On Exceptional Instanton Strings

Abstract

According to a recent classification of 6d (1,0) theories within F-theory there are only six "pure" 6d gauge theories which have a UV superconformal fixed point. The corresponding gauge groups are $SU(3),SO(8),F_4,E_6,E_7$, and $E_8$. These exceptional models have BPS strings which are also instantons for the corresponding gauge groups. For $G$ simply-laced, we determine the 2d $\mathcal{N}=(0,4)$ worldsheet theories of such BPS instanton strings by a simple geometric engineering argument. These are given by a twisted $S^2$ compactification of the 4d $\mathcal{N}=2$ theories of type $H_2, D_4, E_6, E_7$ and $E_8$ (and their higher rank generalizations), where the 6d instanton number is mapped to the rank of the corresponding 4d SCFT. This determines their anomaly polynomials and, via topological strings, establishes an interesting relation among the corresponding $T^2 \times S^2$ partition functions and the Hilbert series for moduli spaces of $G$ instantons.

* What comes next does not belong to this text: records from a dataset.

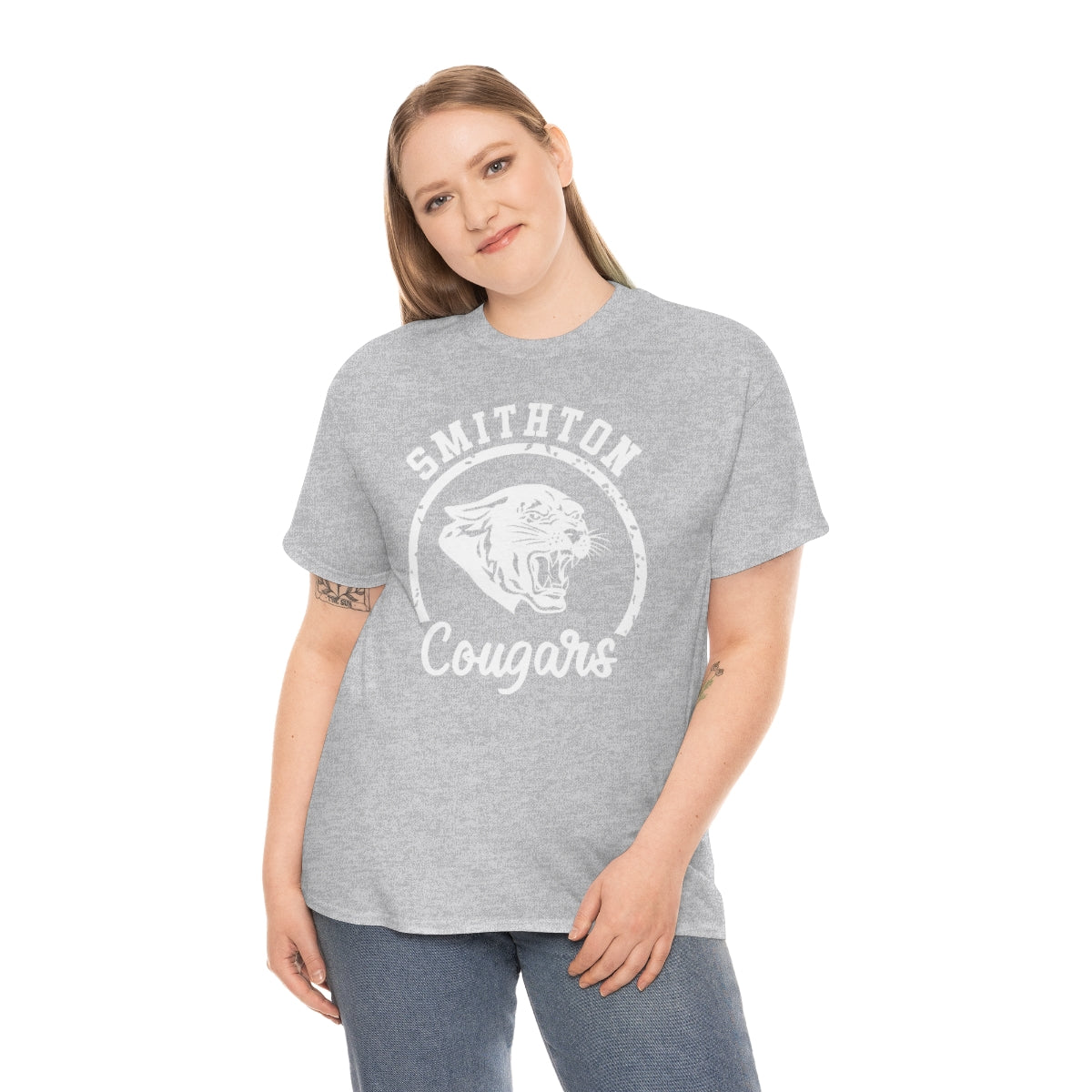 Smithton Cougars - White Imprint Unisex Heavy Cotton Tee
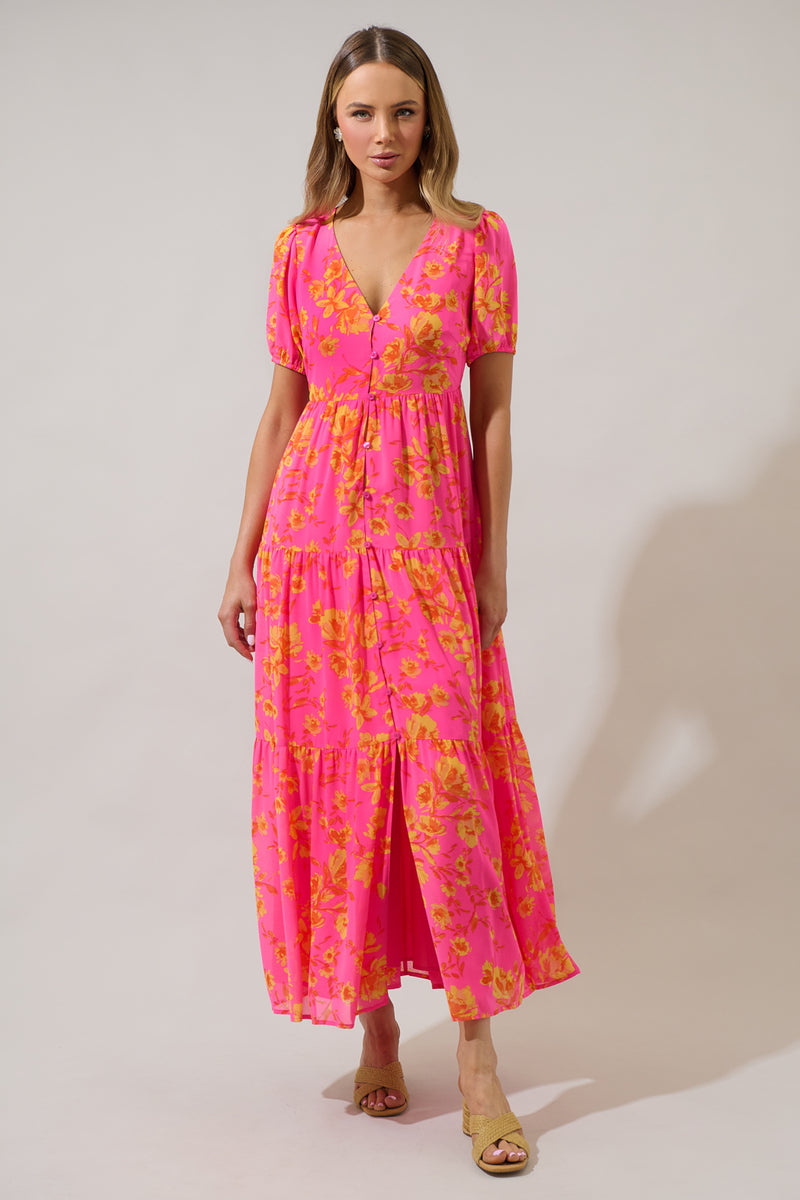 Hot Rod Floral Monaco Tiered Maxi Dress – Sugarlips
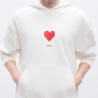 Sweat à capuche avec motif coeur origami Dalentinos HUGO blanc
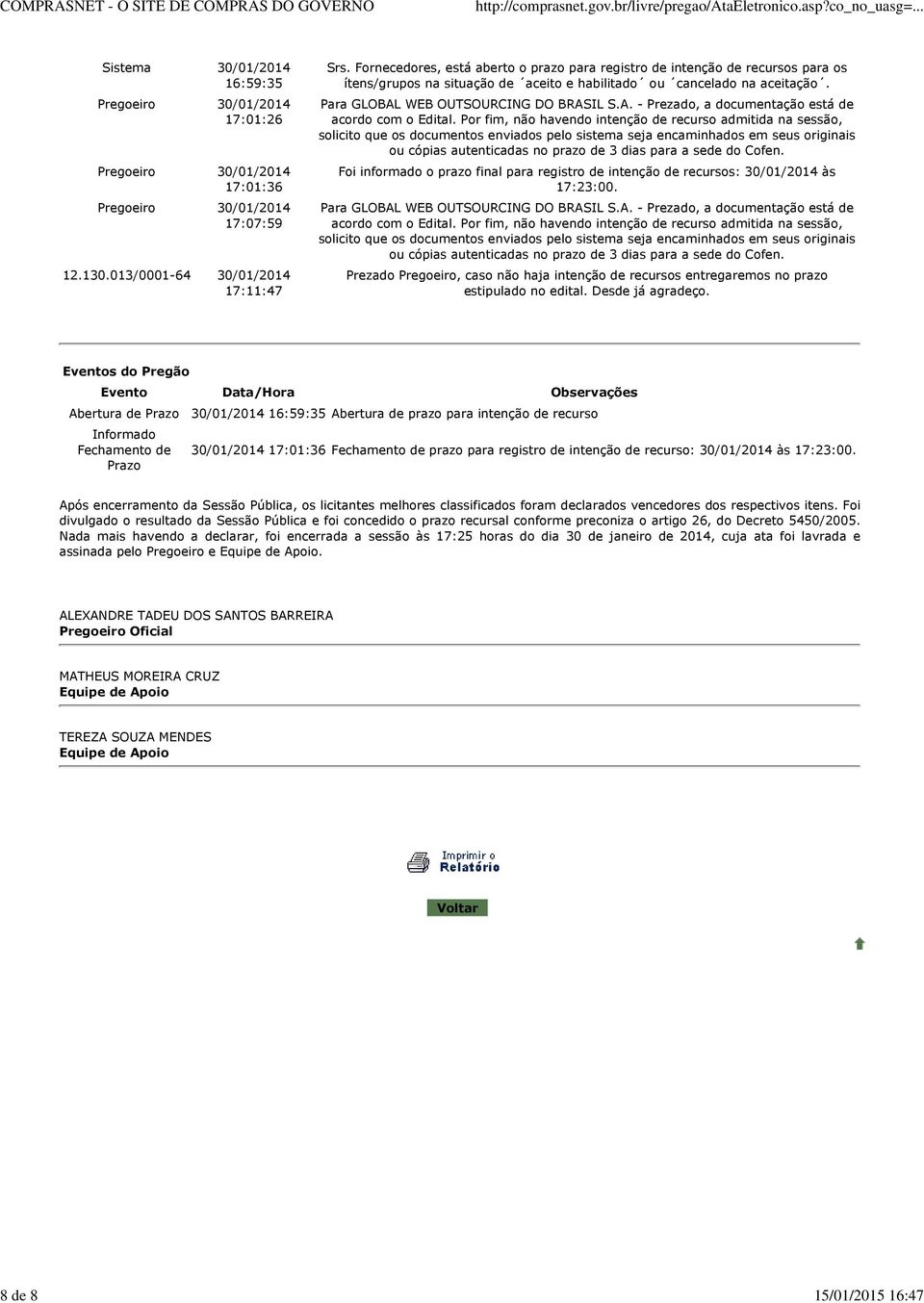 WEB OUTSOURCING DO BRASIL S.A. - Prezado, a documentação está de acordo com o Edital.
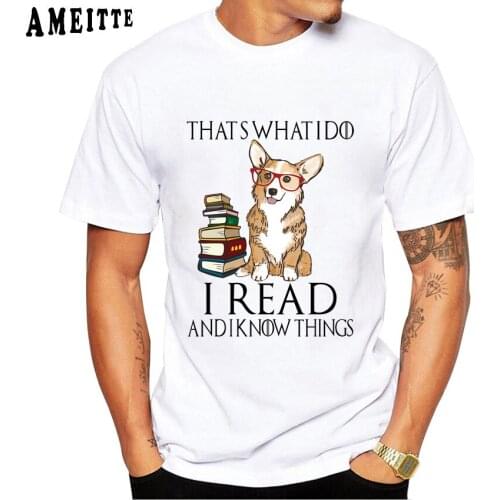 AMEITTE New Summer Fashion Men Short Sleeve Corgi For Book Lovers Print T-Shirt Funny Dog Design Redaing Boy Casual White Tees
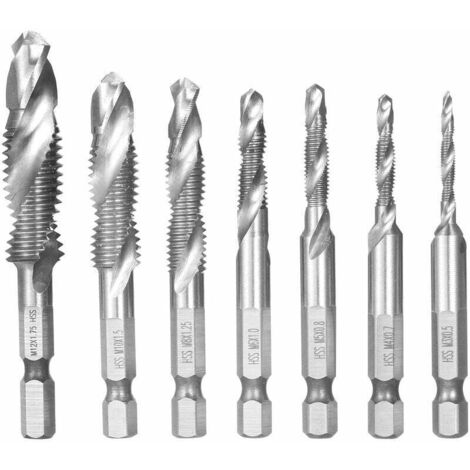 Accesorio de taladro XVX, juego combinado de taladro y macho de 7 piezas, rosca métrica HSS M3-M12, herramienta de broca de cambio rápido, vástago hexagonal de 1/4", plateado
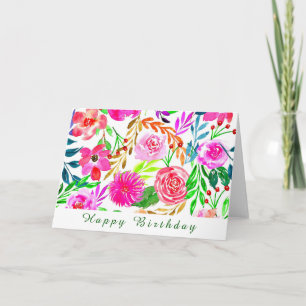 FLORAL WATERCOLOR HAPPY BIRTHDAY  CARD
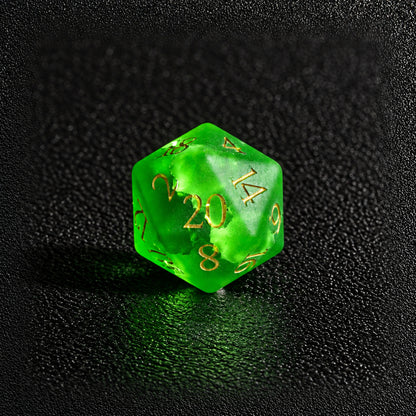 Verdant Rift Sigil-Gemstone Dice Set – D20 close-up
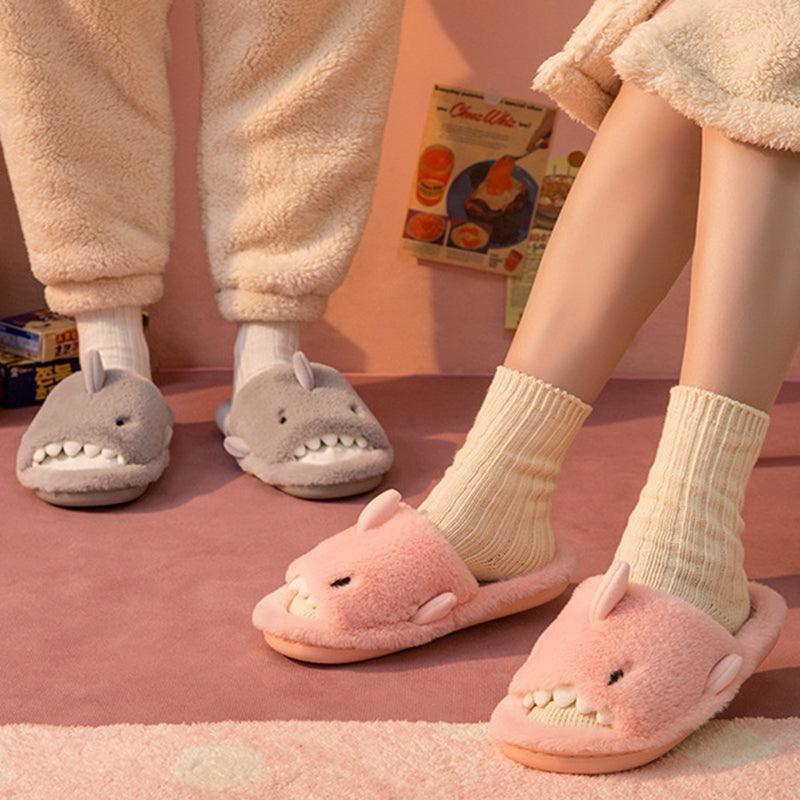 Fluffy Couple House Winter Slippers - ForVanity house slippers, men's shoes, women's shoes Slippers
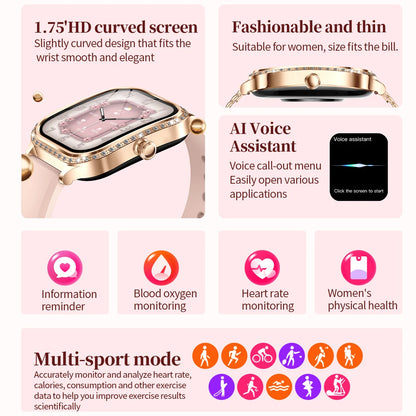 2026 New Women Smart Watch 1.75" HD Display Heart Rate Sport Fitness  Waterproof Bracelet BT Call Smartwatch For Android IOS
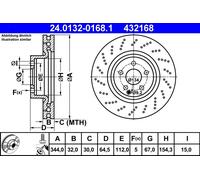 Disco freno ATE 24.0132-0168.1 anteriore, ventilato, altamente carbonizzato, 1 Pezzo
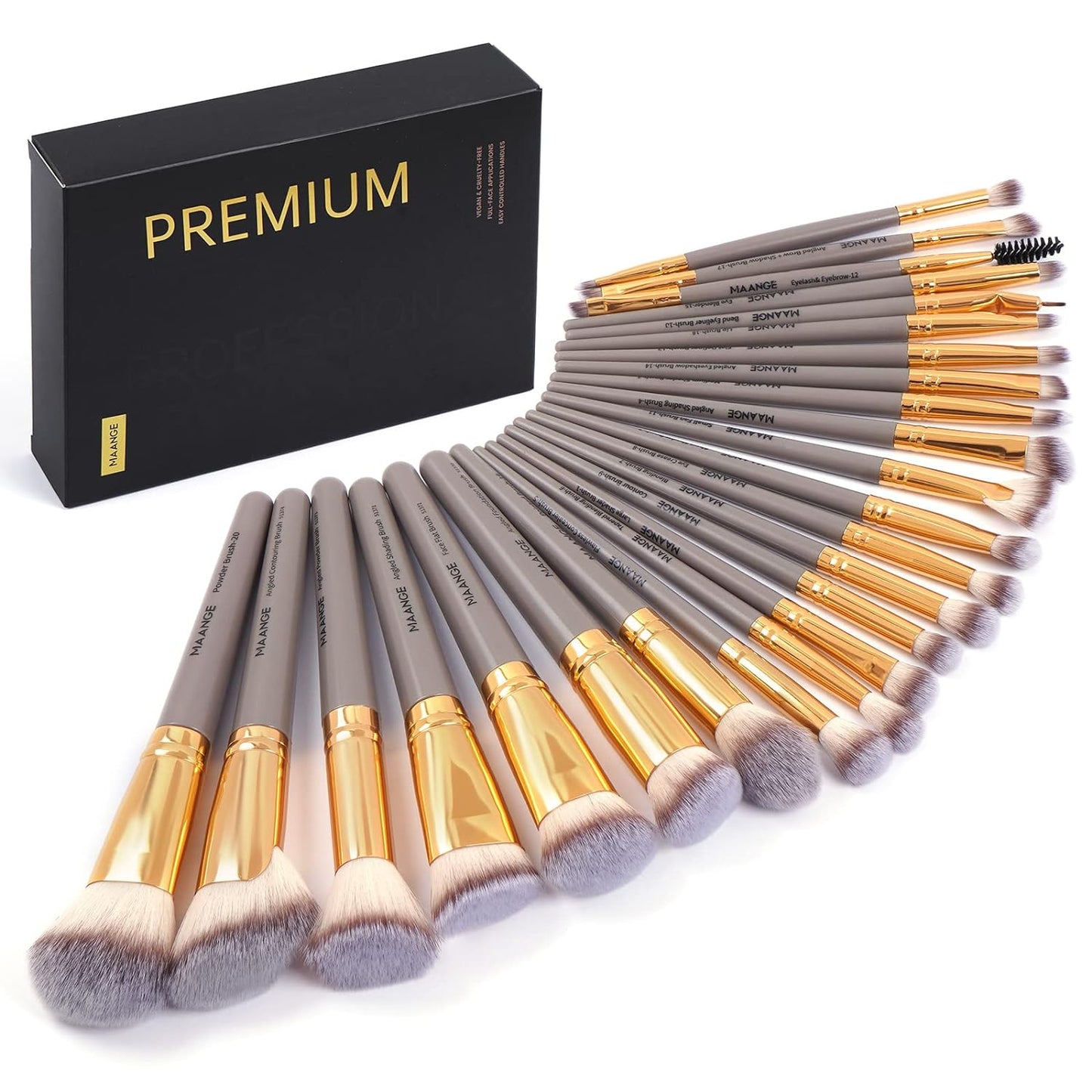 Makeup Brushes, 25pcs Makeup Brush Set Premium Synthetic Concealer Blush Foundation Eyeshadow Brush Professional Make up Brushes with Gift Box(Gray)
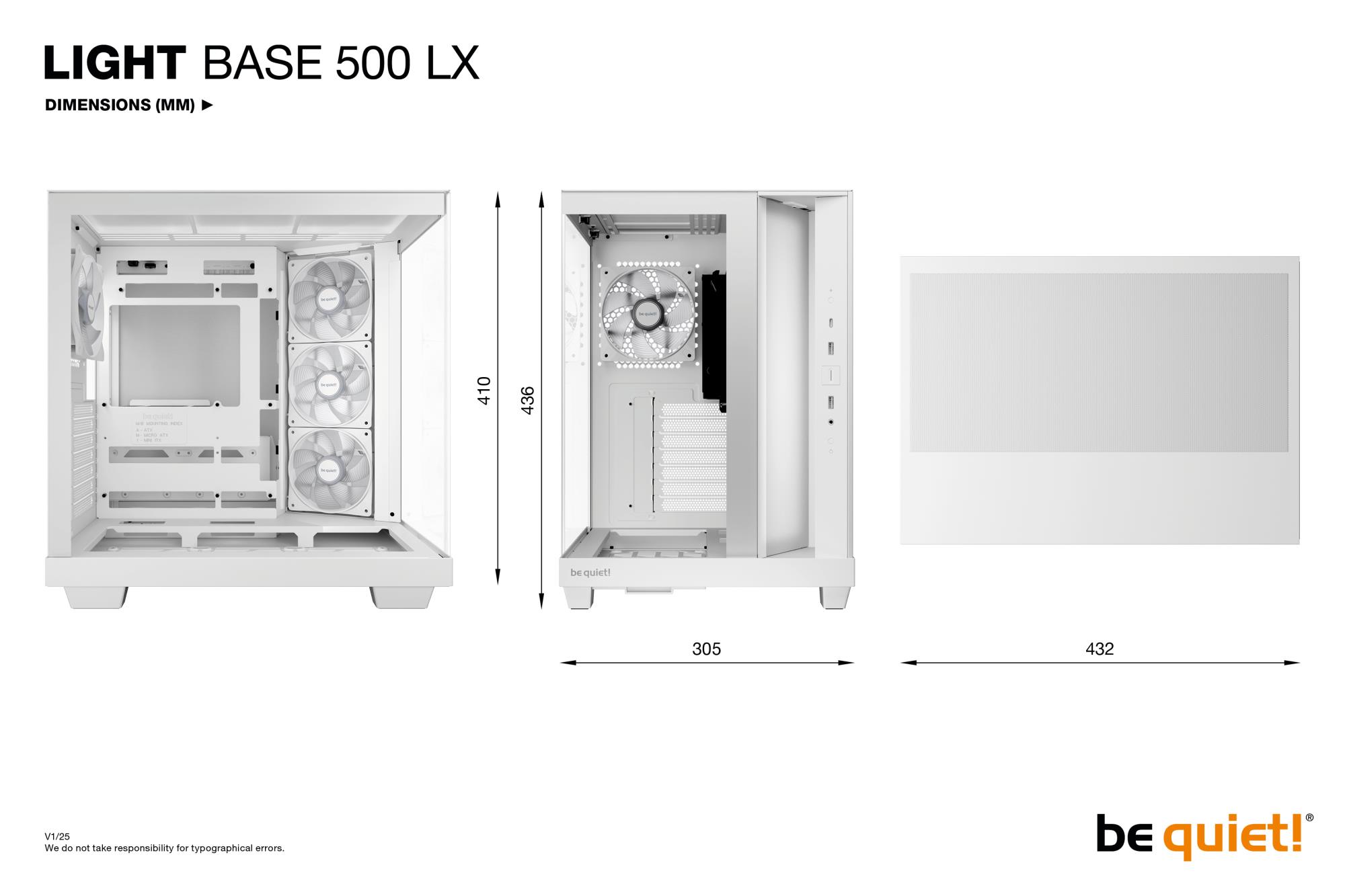 Case BE QUIET ATX/micro ATX/Mini-ITX White Midi Tower PC BGW86 - Image 8
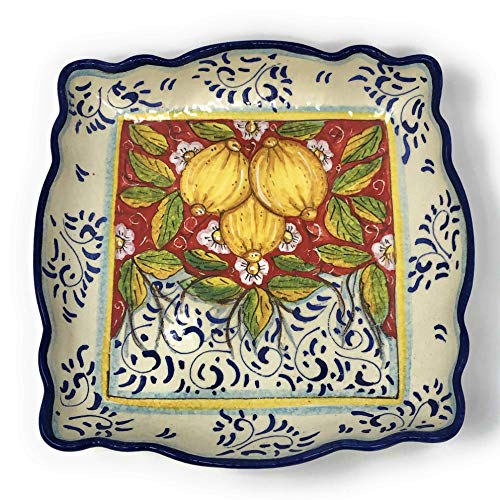 Ceramiche D'arte Parrini - Italian Ceramic Art Pottery Serving Bowl Small Centerpieces Hand Painted Decorative Lemons Made In Italy Tuscan #TOP8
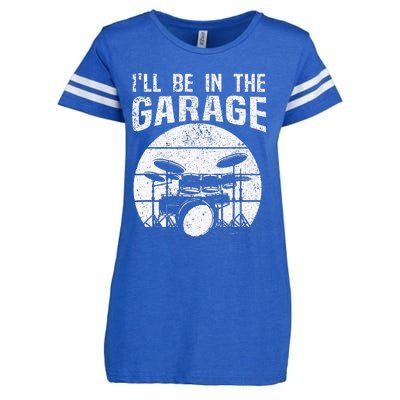 Funny Drummer I'll Be In The Garage Drum Set Drumming Lovers Enza Ladies Jersey Football T-Shirt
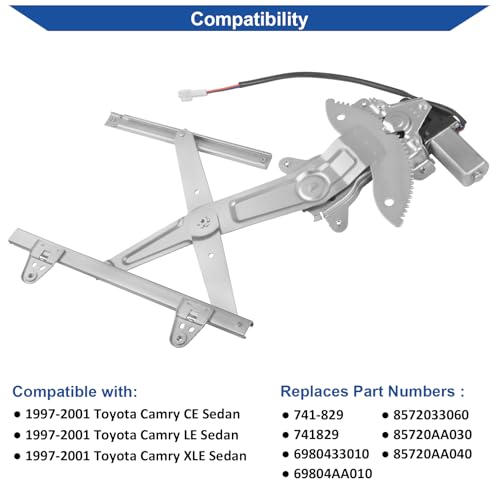 Obaee Window Regulator with Motor Rear Left Driver Side, Replace 741-829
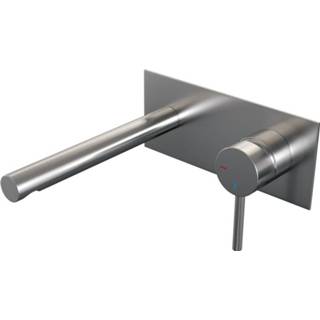 👉 Wastafel kraan nikkel PVD messing geborsteld Brauer Brushed Edition wastafelkraan inbouw ColdStart met inbouwdeel en rechte uitloop type S2 greep 5-NG-004-S2 4260483797224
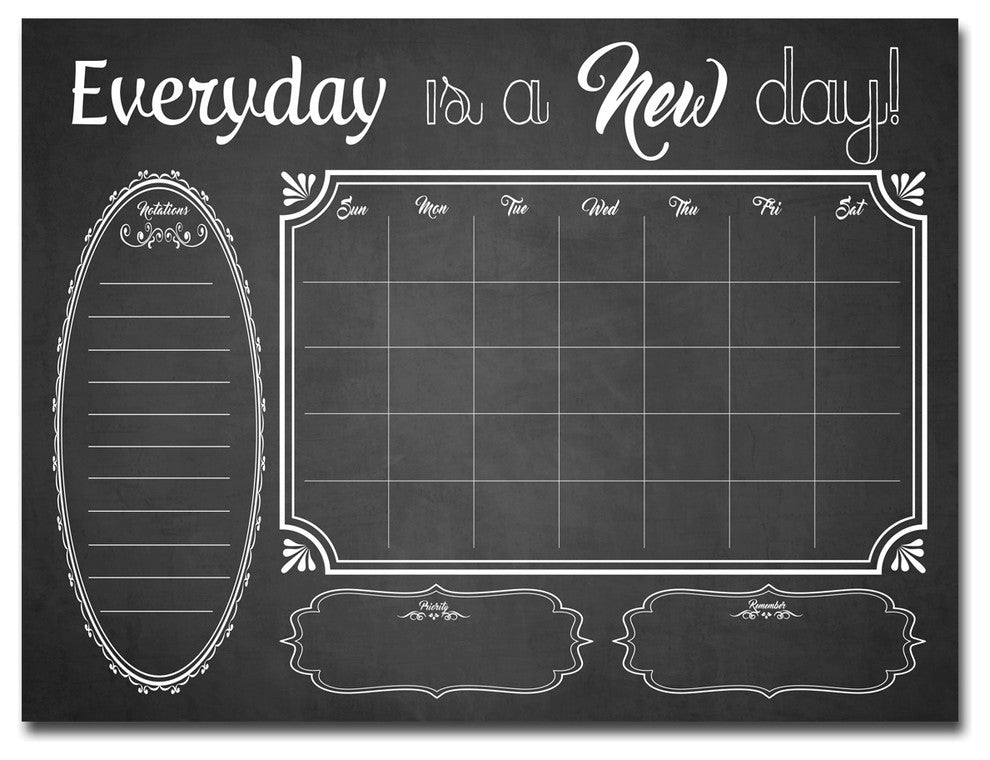 Ready2HangArt Shabby Chic Dry Erase Monthly Calendar on ArtPlexi, 30"x40"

Such relations allow to bootstrap the corresponding elliptic genera by modularity. As an example of such procedure, the elliptic genera for a single instanton string are determined. The same method also fixes the elliptic genus for case of one $ F_4 $ instanton. These results unveil a rather surprising relation with the Schur index of the corresponding 4d $\mathcal{N}=2$ models.

Figures (5)

• Figure 1: IIB brane engineering of the $\widetilde{H}^{(k)}_G$ models.
• Figure 2: IIB description of the tensor branch of the 6d (1,0) theory.
• Figure 3: 2d quiver corresponding to the $H_{SO(8)}^{(k)}$ theory.
• Figure 4: Gaiotto $T_3$ theory from degeneration of the $SU(3), N_f = 6$ curve.
• Figure 5: Schematic IIB description of the 6d (1,0) $\Omega$ background.